Thread: gothic_moth, codlin_moth failures on REL8_2_STABLE

gothic_moth, codlin_moth failures on REL8_2_STABLE

From
Tom Lane
Date:
Since the buildfarm is mostly green these days, I took some time to look
into the few remaining consistent failures.  One is that gothic_moth and
codlin_moth fail on contrib/tsearch2 in the 8.2 branch, with a
regression diff like this:

*** 2453,2459 ****  <body>  <b>Sea</b> view wow <u><b>foo</b> bar</u> <i>qq</i>  <a
href="http://www.google.com/foo.bar.html"target="_blank">YES  </a>
 
!   ff-bg  <script>         document.write(15);  </script>
--- 2453,2459 ----  <body>  <b>Sea</b> view wow <u><b>foo</b> bar</u> <i>qq</i>  <a
href="http://www.google.com/foo.bar.html"target="_blank">YES  </a>
 
!  ff-bgff-bg  <script>         document.write(15);  </script>

These animals are not testing any branches older than 8.2.  The same
test appears in newer branches and passes, but the code involved got
migrated to core and probably changed around a bit.

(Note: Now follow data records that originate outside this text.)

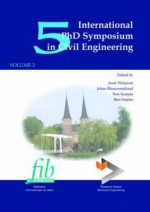 5th International PhD Symposium in Civil Engineering, Two Volume Set: Proceedings of the 5th International PhD Symposium - J. Walraven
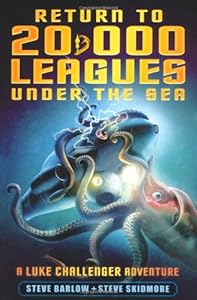 Return to 20,000 Leagues Under the Sea. Steve Barlow and Steve Skidmore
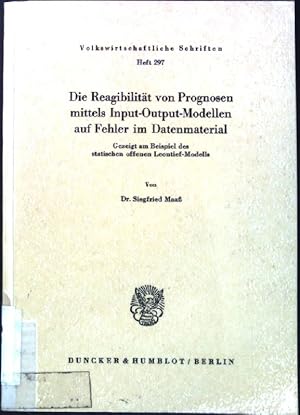 Bild des Verkufers fr Die Reagibilitt von Prognosen mittels Input-Output-Modellen auf Fehler im Datenmaterial: Gezeigt am Beispiel des statischen offenen Leontief-Modells. Volkswirtschaftliche Schriften ; H. 297 zum Verkauf von books4less (Versandantiquariat Petra Gros GmbH & Co. KG)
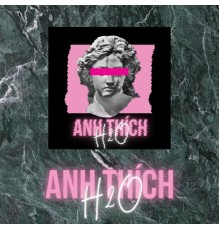 H2O - Anh Thích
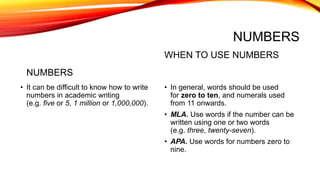 NUMBERS
NUMBERS
• It can be difficult to know how to write
numbers in academic writing
(e.g. five or 5, 1 million or 1,000,000).
WHEN TO USE NUMBERS
• In general, words should be used
for zero to ten, and numerals used
from 11 onwards.
• MLA. Use words if the number can be
written using one or two words
(e.g. three, twenty-seven).
• APA. Use words for numbers zero to
nine.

I traced through this test on my own machine and determined that the
way it's supposed to work is like this: the tsearch parser breaks the
string into a series of tokens that include these:
ff-bg        compound wordff        compound word element-        punctuationbg        compound word element

The highlight function is then supposed to set skip = 1 on the compound
word, causing it to be skipped when genhl() reconstructs the text.
The failure looks to me like the compound word is not getting skipped.
Both the setting and the testing of the flag seem to be absolutely
straightforward portable code; although the "skip" struct field is a
bitfield, which is a C feature we don't use very heavily.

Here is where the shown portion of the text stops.